- [Dataset extract]:
____________
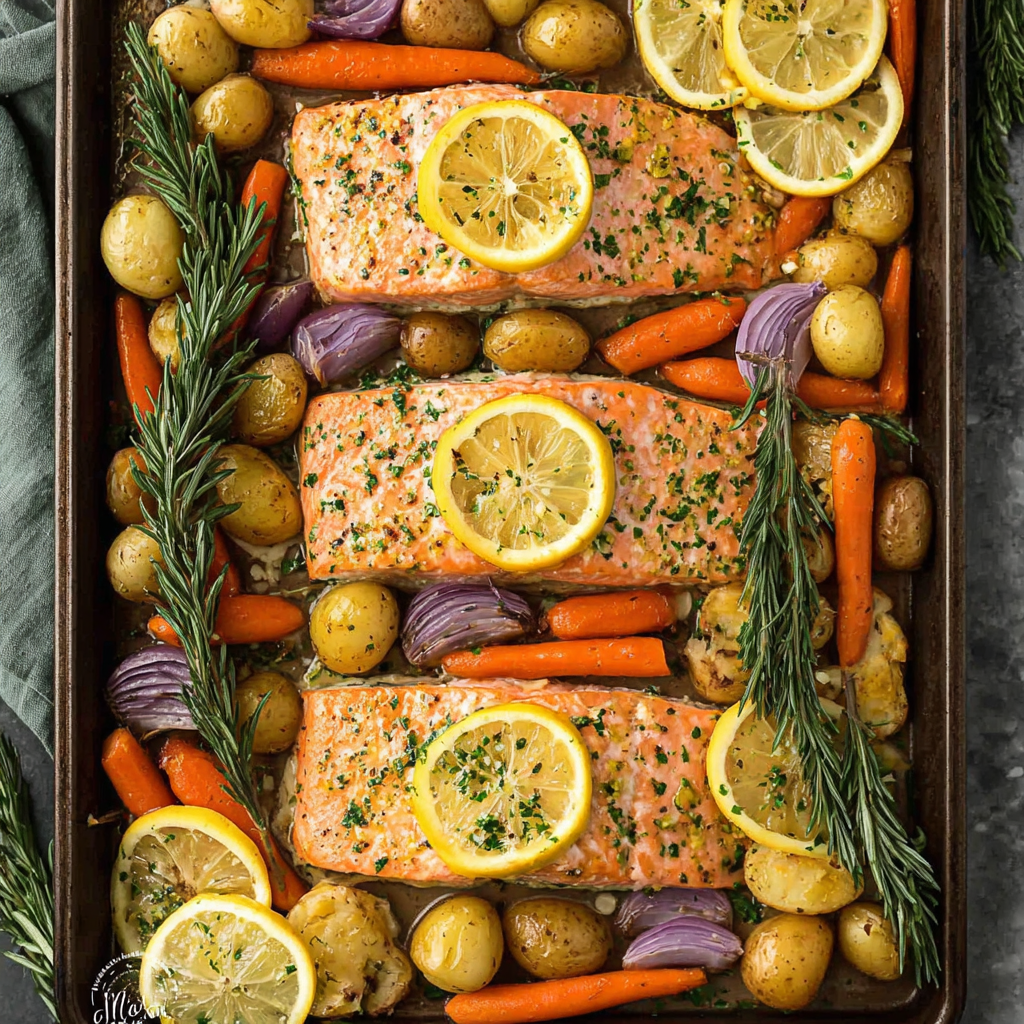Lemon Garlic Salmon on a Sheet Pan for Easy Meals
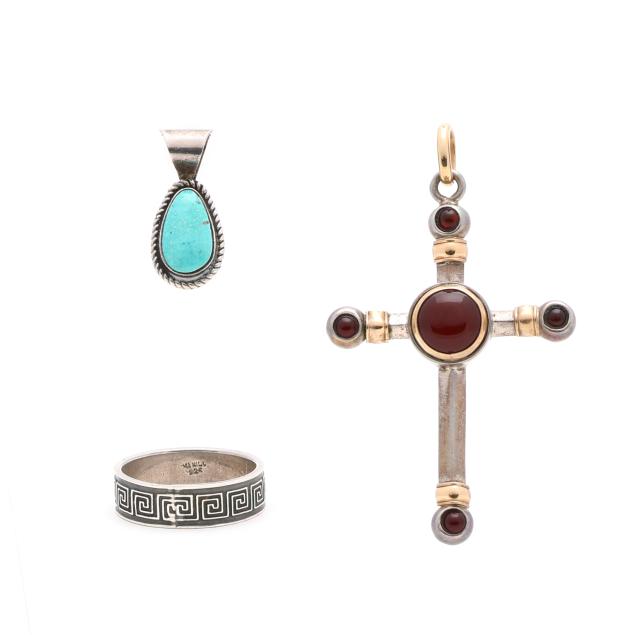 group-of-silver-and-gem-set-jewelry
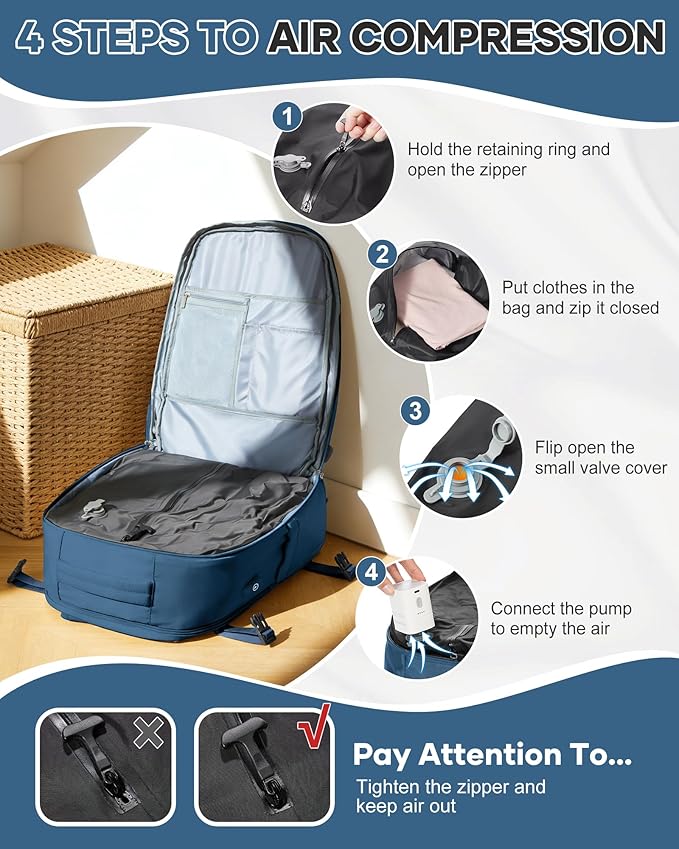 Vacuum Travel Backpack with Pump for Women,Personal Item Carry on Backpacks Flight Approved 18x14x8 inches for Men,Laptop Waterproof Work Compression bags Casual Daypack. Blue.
____________
- [What is needed]: Pictures excluded, write out exactly and only the lines of the material from the one containing "group-of-silver-and-gem-set-jewelry" up to and including the last line.

- [Finished task]:
 group-of-silver-and-gem-set-jewelry
 Vacuum Travel Backpack with Pump for Women,Personal Item Carry on Backpacks Flight Approved 18x14x8 inches for Men,Laptop Waterproof Work Compression bags Casual Daypack. Blue.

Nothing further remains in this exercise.